Return the listing below exactly as it stands. Pictures stay out.

(Beginning of Supplied information)

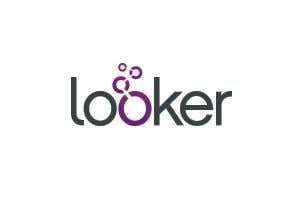 Looker Logo - Looker Closes $30 Million Series B Financing Led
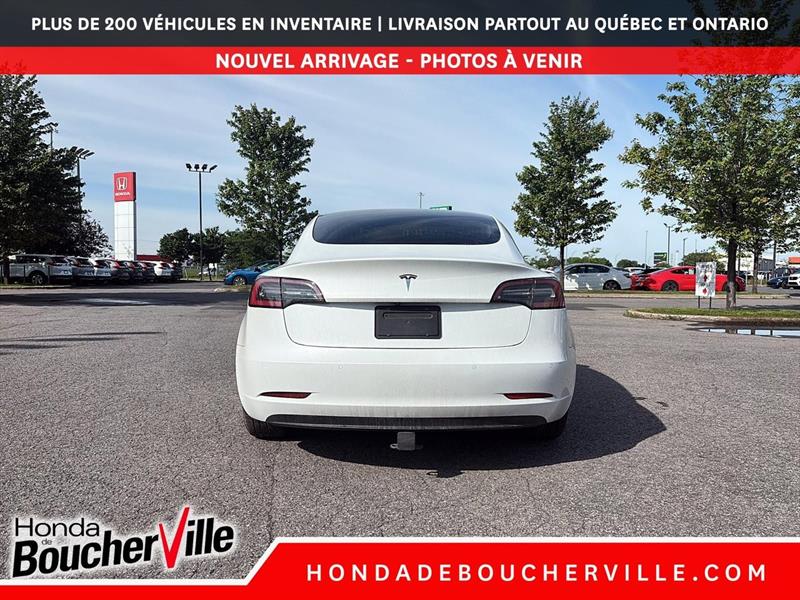 tesla Model 3 2019 - 7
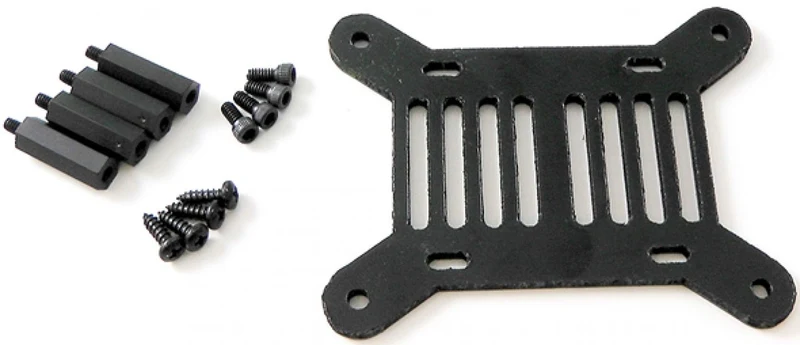 Lynxmotion PS2 Receiver Carrier EC-03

(End of Supplied information)

Worked solution
 Looker Logo - Looker Closes $30 Million Series B Financing Led
 tesla Model 3 2019 - 7
 Lynxmotion PS2 Receiver Carrier EC-03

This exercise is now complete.